Le Tribunal administratif de Nantes rejette par ordonnance la requête de M. B... visant à annuler le refus d'un visa de court séjour. La juridiction constate que le requérant n'a pas exercé le recours administratif préalable obligatoire devant la sous-directrice des visas, condition de recevabilité exigée par les articles D. 312-3 et D. 312-4 du code de l'entrée et du séjour des étrangers et du droit d'asile. L'ordonnance est fondée sur l'article R. 222-1 du code de justice administrative, permettant de rejeter les requêtes manifestement irrecevables qui n'ont pas été régularisées.
Texte intégral
Vu la procédure suivante :
Par une ordonnance du 8 janvier 2026, la présidente de la 1ère chambre du tribunal administratif de Toulouse a transmis au tribunal administratif de Nantes la requête de M. C..., enregistrée le 20 octobre 2025 sous le n° 2507434.
Par cette requête, enregistrée le 13 janvier 2026 sous le n° 2600521 par le greffe du tribunal administratif de Nantes, M. B... demande au tribunal :
1°) d’annuler la décision du 12 août 2025 par laquelle l’autorité consulaire française à Tunis (Tunisie) a rejeté sa demande de visa de court séjour ;
2°) d’enjoindre à l’autorité administrative de lui délivrer le visa sollicité.
Vu les autres pièces du dossier.
Vu :
- le code de l'entrée et du séjour des étrangers et du droit d'asile ;
- le code de justice administrative.
Considérant ce qui suit :
Aux termes de l’article R. 222-1 du code de justice administrative : « Les présidents de tribunal administratif (…), les premiers vice-présidents des tribunaux (…) et les présidents de formation de jugement des tribunaux (…) peuvent, par ordonnance : (...) / 4° Rejeter les requêtes manifestement irrecevables, lorsque la juridiction n'est pas tenue d'inviter leur auteur à les régulariser ou qu'elles n'ont pas été régularisées à l'expiration du délai imparti par une demande en ce sens (…) ».
Aux termes de l’article D. 312-3 du code de l’entrée et du séjour des étrangers et du droit d’asile : « Une commission placée auprès du ministre des affaires étrangères et du ministre de l'intérieur est chargée d'examiner les recours administratifs contre les décisions de refus de visa de long séjour prises par les autorités diplomatiques ou consulaires. / Le sous-directeur des visas, au sein de la direction générale des étrangers en France du ministère de l'intérieur, est chargé d'examiner les recours administratifs contre les décisions de refus de visa de court séjour prises par les autorités diplomatiques ou consulaires. / La saisine de l'une ou l'autre de ces autorités, selon la nature du visa sollicité, est un préalable obligatoire à l'exercice d'un recours contentieux, à peine d'irrecevabilité de ce dernier. ». Aux termes de l’article D. 312-4 du même code : « Les recours administratifs doivent être formés dans un délai de trente jours à compter de la notification de la décision de refus de visa. ».

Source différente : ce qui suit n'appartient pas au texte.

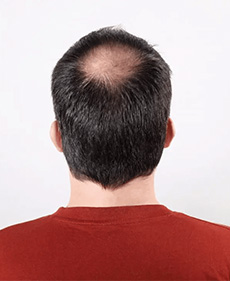 Wondering How to Solve Types of Baldness (10)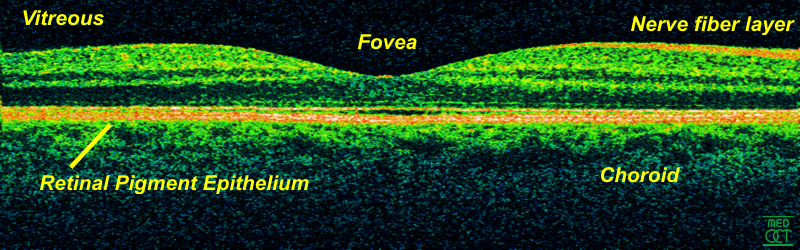 OCT cross-section of the retina with fovea and retinal pigment epithelium labeled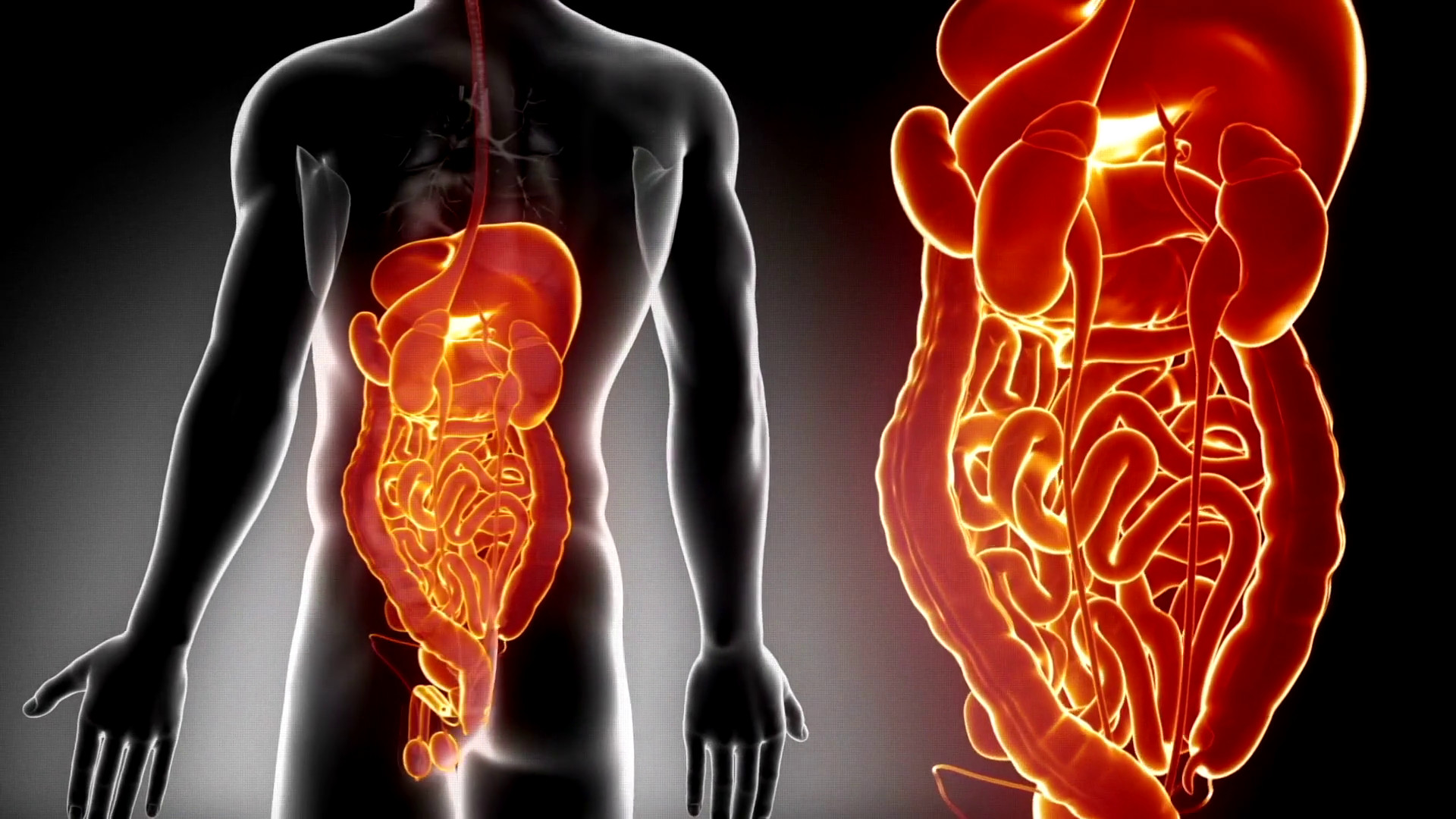 Cresce l'incidenza delle malattie infiammatorie croniche intestinali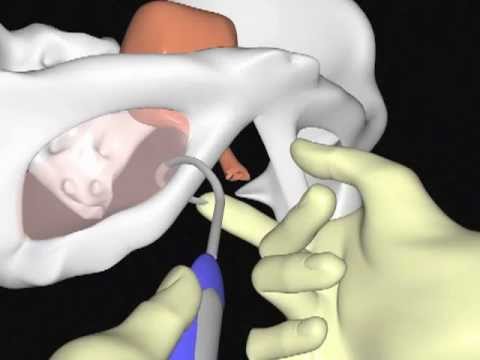 TOT trocar insertion (by YLTAN)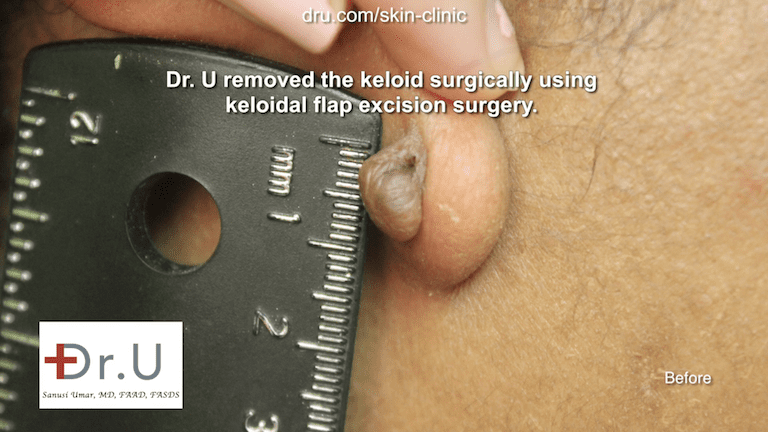 At almost one centimeter in length, surgery was needed to get rid of keloid on the earlobe At almost one centimeter in length, surgery was needed to get rid of keloid on the earlobe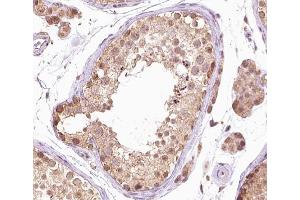 ABIN6267381 at 1/200 staining human testis tissue sections by IHC-P. (BRAF anticorps  (pThr599))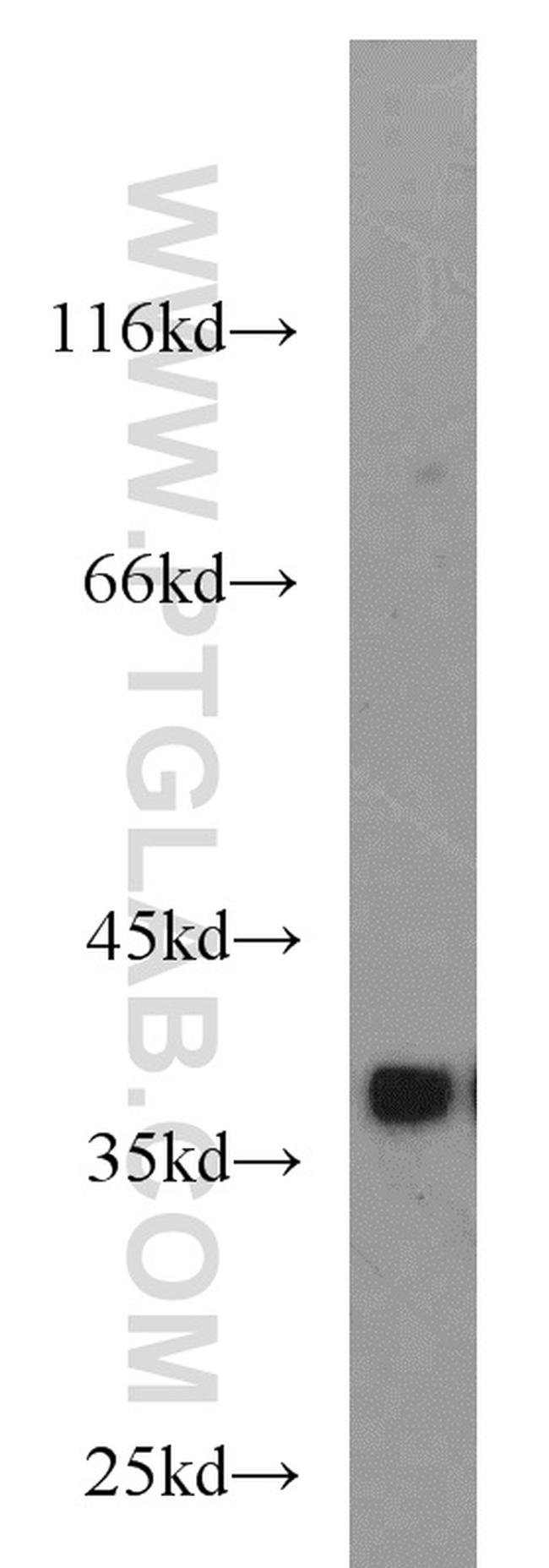 DNAJB2 Antibody in Western Blot (WB)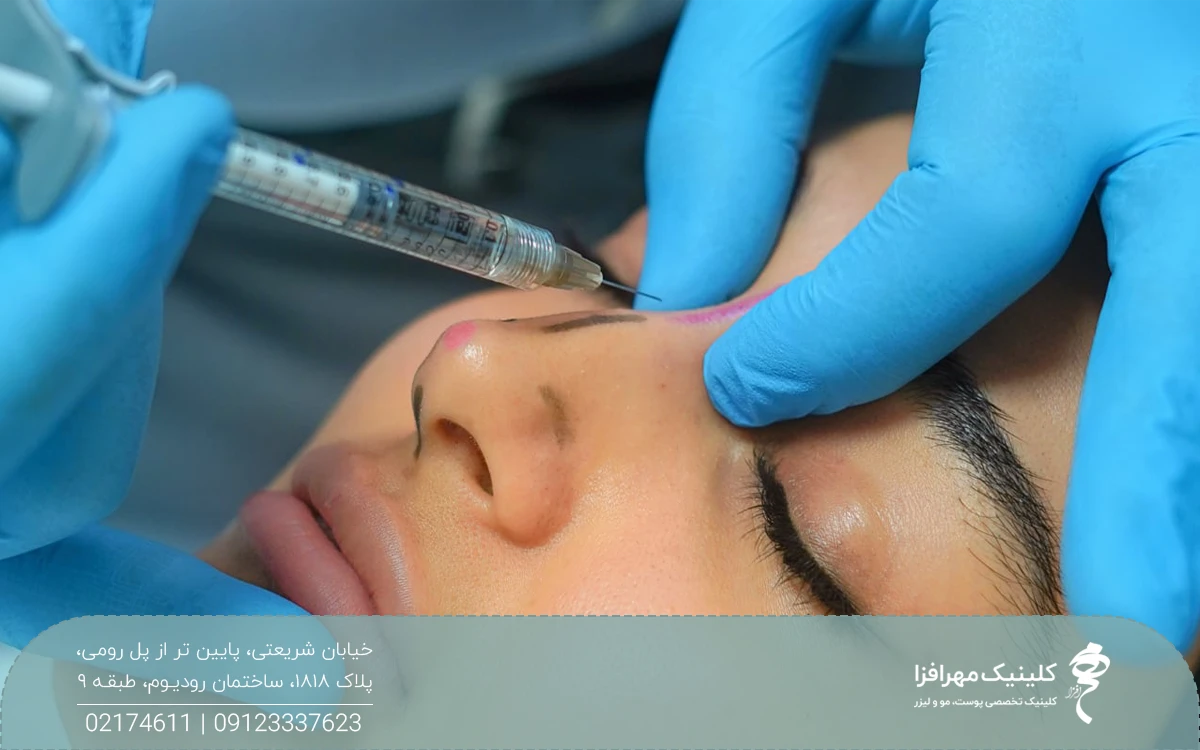 دختری که روی دماغ او با ماژیک علامت گذاری شده و پزشک به بینی او فیلر تزریق می کند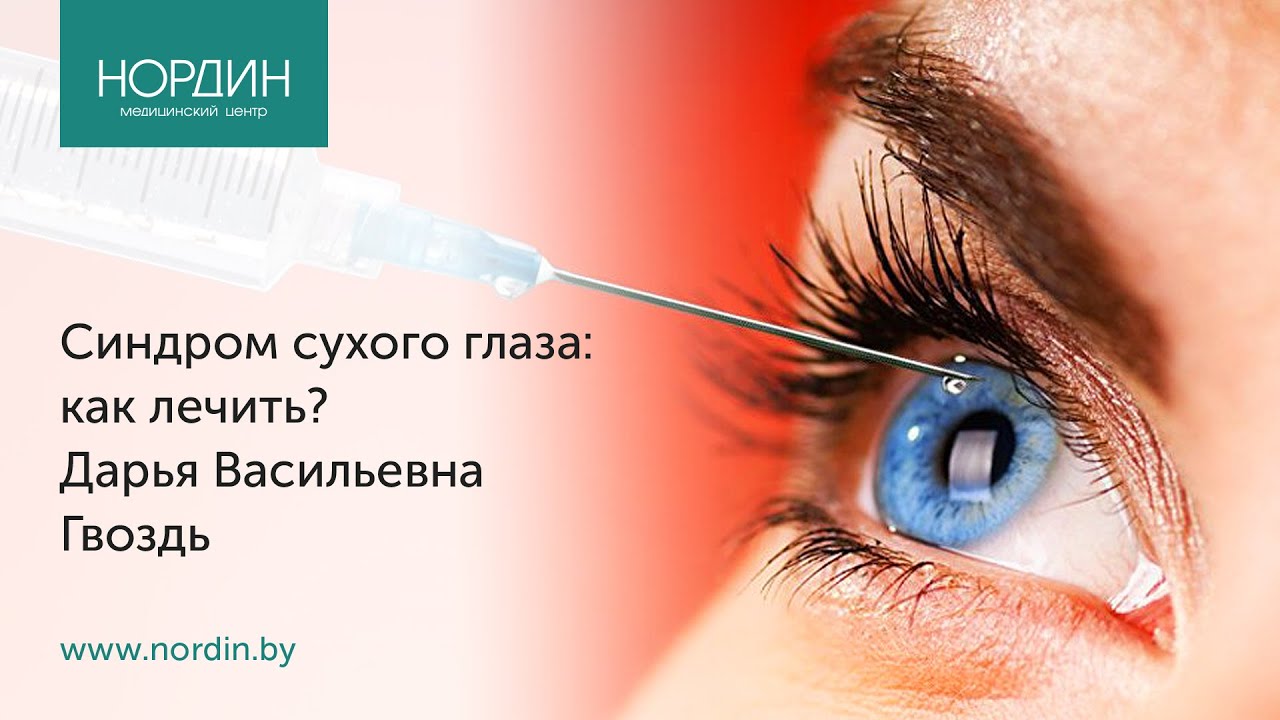 Синдром сухого глаза: как лечить?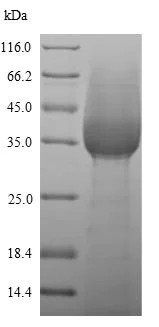 SDS-PAGE - Recombinant Mouse Ly6g protein (His tag) (AB241265)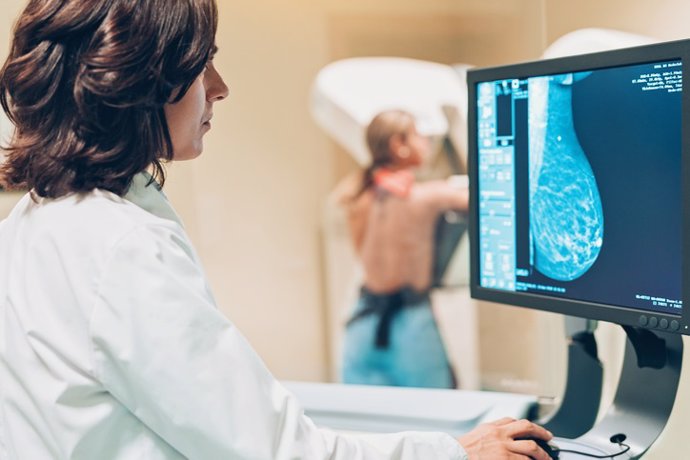 Archivo - Imagen de archivo de una mamografía.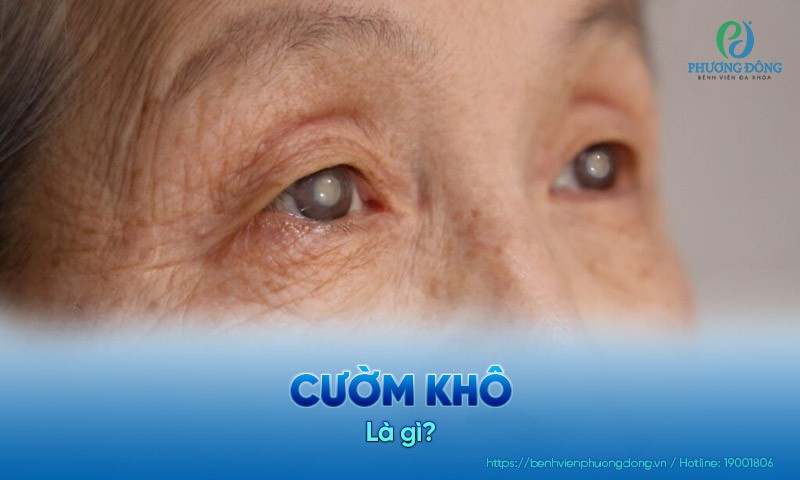 Cườm khô: Nguyên nhân, triệu chứng và hướng điều trị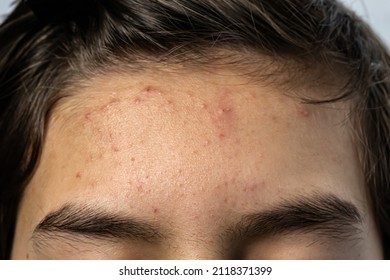 Close up Acne and blackhead pimples skin rash on teenage boy's forehead. Face skin problem concept.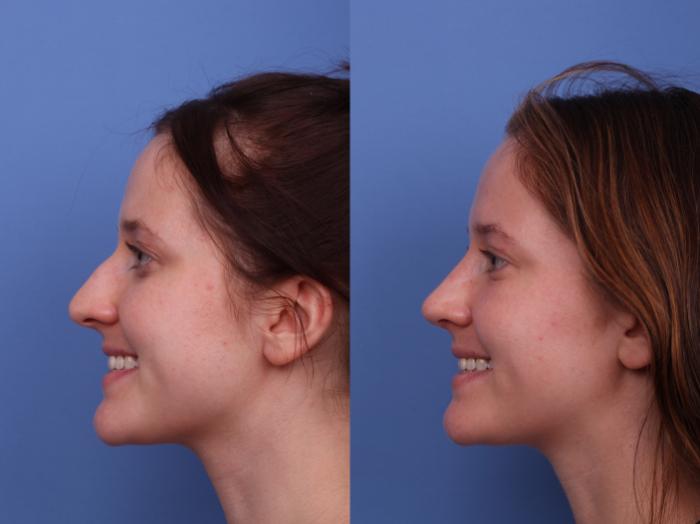 Rhinoplasty Before & After Photo | Scottsdale & Phoenix, AZ | Hobgood Facial Plastic Surgery: Todd Hobgood, MD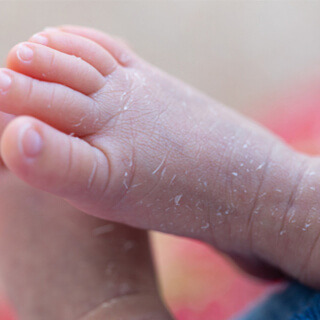 الوقاية من التهاب الجلد التماسي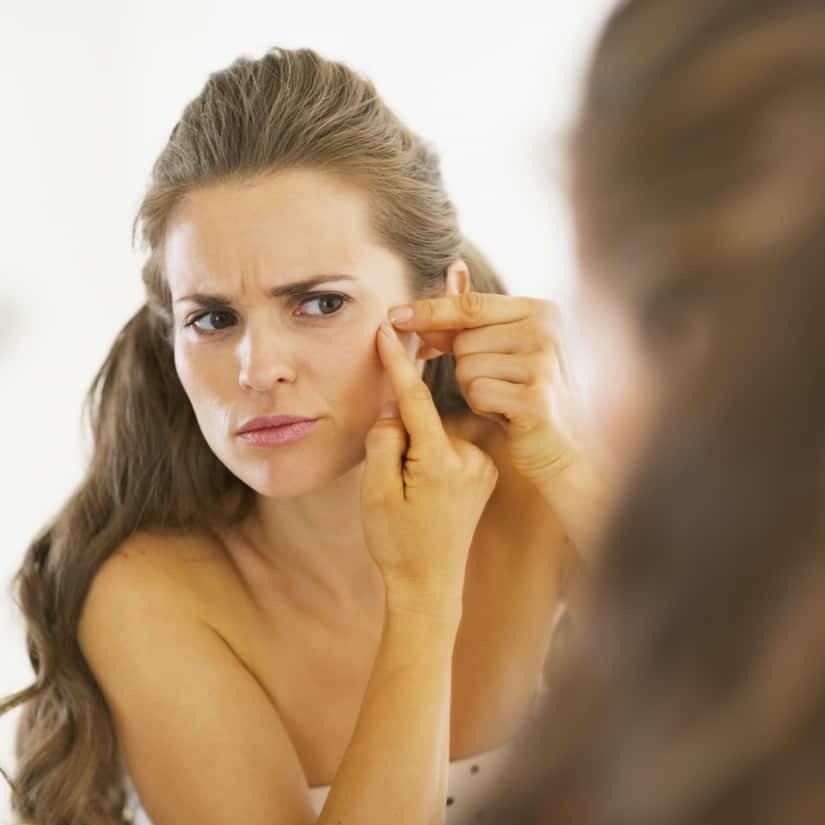 L'acné adulte : causes et solutions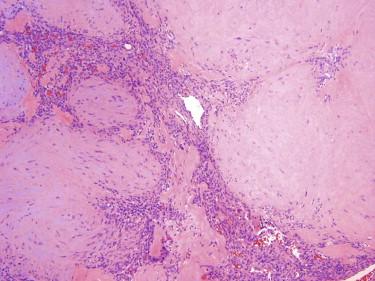 FIGURE 13-22, Myofibroma. Biphasic tumor composed of basophilic myoid nodules surrounded by immature mesenchymal cells and hemangiopericytoma-like vascular spaces.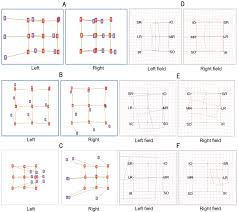 A New Interpretation And Quantitative Method For Diplopia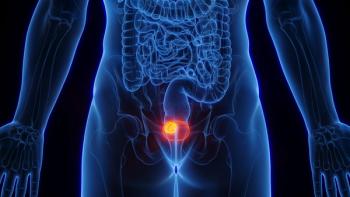 3D medical illustration of bladder cancer | Image Credit: © Sebastian Kaulitzki - stock.adobe.com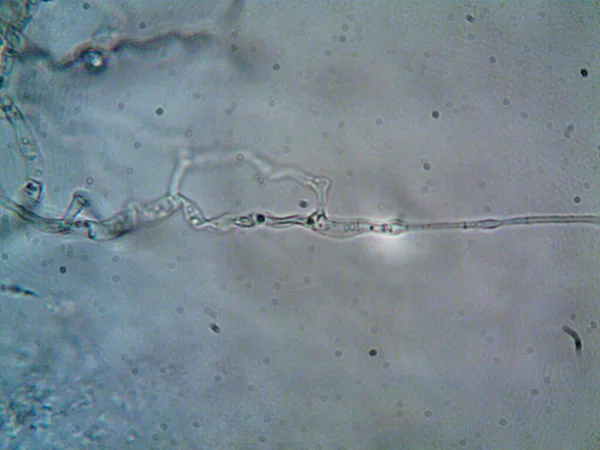 Mikroskop X100 Görülen Mikroorganizma — Stok fotoğraf
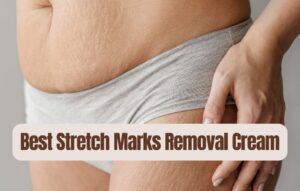 Read more about the article 13 Best Stretch Marks Removal Cream: Say Goodbye to Stretch!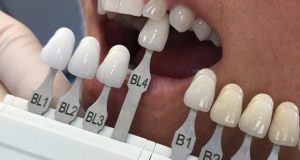 Vizualno određivanje boje zuba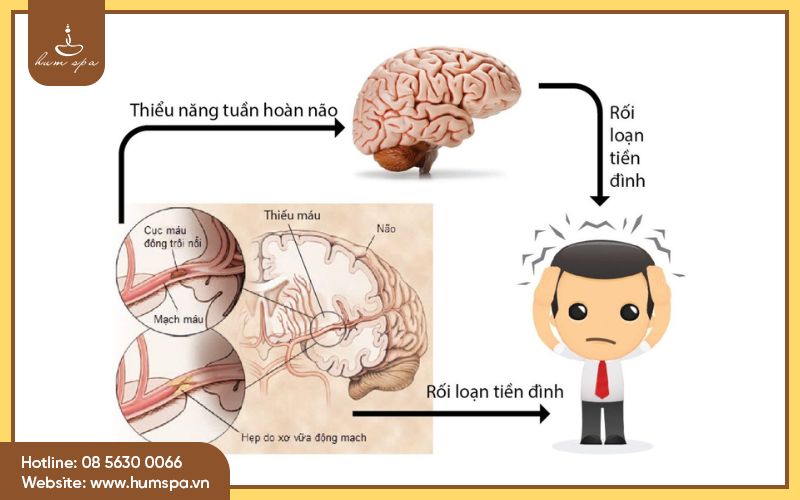  Rối loạn tiền đình là bệnh gì?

Il ressort des pièces du dossier que la décision du 12 août 2025 par laquelle l’autorité consulaire française à Tunis (Tunisie) a refusé de délivrer un visa de court séjour à M. B... comportait la mention des voies et délais de recours, notamment la nécessité d’exercer un recours administratif préalable obligatoire devant la sous-directrice des visas dans le délai de trente jours. La requête de M. B... n’était pas accompagnée d’une copie de la décision de la sous-directrice des visas. En dépit de la demande qui a été adressée le 14 janvier 2026 par le tribunal par le biais de l’application « Télérecours citoyens » et dont il a été accusé réception le même jour, M. B... n’a pas, dans le délai de quinze jours qui lui était imparti, produit une copie de la décision de la sous-directrice des visas ou la preuve de réception de son recours devant elle. Ainsi, cette requête, qui n’a pas été régularisée, est entachée d’une irrecevabilité manifeste et ne peut qu’être rejetée.
O R D O N N E :
Article 1er : La requête de M. B... est rejetée.
Article 2 : La présente ordonnance sera notifiée à M. A... B....
Fait à Nantes, le 16 mars 2026.
La présidente,
P. Picquet
La République mande et ordonne au ministre de l’intérieur en ce qui le concerne ou à tous commissaires de justice à ce requis en ce qui concerne les voies de droit commun contre les parties privées, de pourvoir à l’exécution de la présente décision.